Doch Ecken und Kanten gehören zum Leben und machen Menschen erst sympathisch/ menschlich, was auch eine Art Grundphilsophie von "Teilen" (Track 12) sein könnte. Zumindest macht das für mich im Kon-Text Sinn. In Richtung Finale gibt es sogar waschechten Blues mit "Wunder" (Track 13; Anspieltip VI) serviert, was rein musikalisch ein wenig überraschen mag (mich hat es zu Beginn auch überrascht!), aber letztlich aber just zeigt, dass Friedemann sich keine Stilgrenzen setzt, was das Album selbst ungemein mit Abwechslungsreichtum bereichert. Damit ist der Name des letztes Songs "Glück" (Track 14) Programm. "Am Ende will Glück sein...". Besser hätte ich es nicht sagen können.

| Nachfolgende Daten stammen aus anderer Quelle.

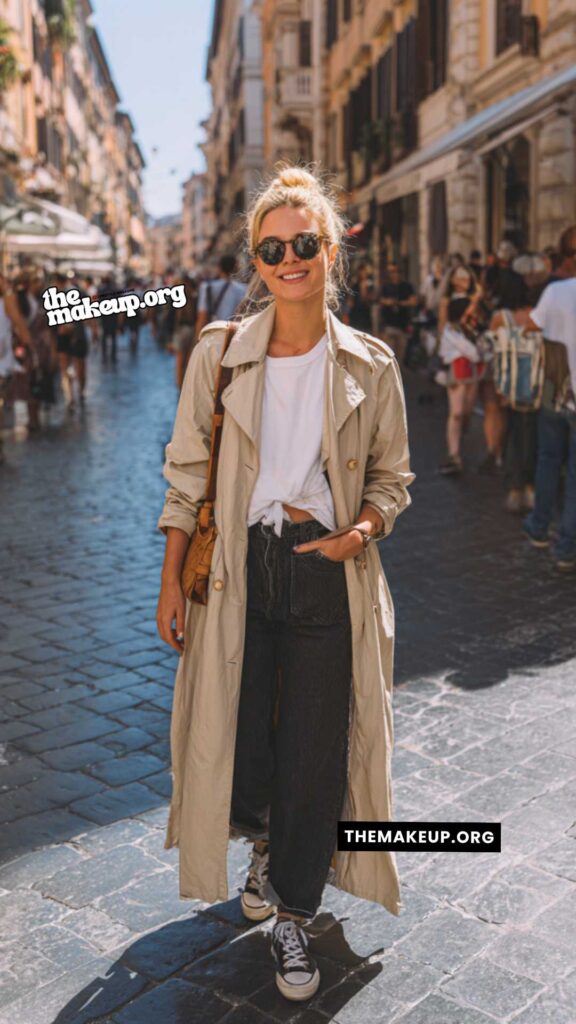 What to wear in Rome autumn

Friedemann hat mit seinem zweiten Soloalbum musikalisch Flur und Felder überquert und ist an der grossen, weiten See, die sein zu Hause umgibt, angekommen. Somit legt er mit diesem Album die Messlatte schon um mehrere Schritte höher, so dass es zwar interessant bleibt wie es solo-musikalisch weitergeht, aber eben auch den Selbstanspruch noch weiter herausfordern dürfte.

V.Ö.: 29.01. 2.016

 

9.0/ 10 Schafe Schüsse

(Exile On Mainstream Records/ RügenCore 2.016)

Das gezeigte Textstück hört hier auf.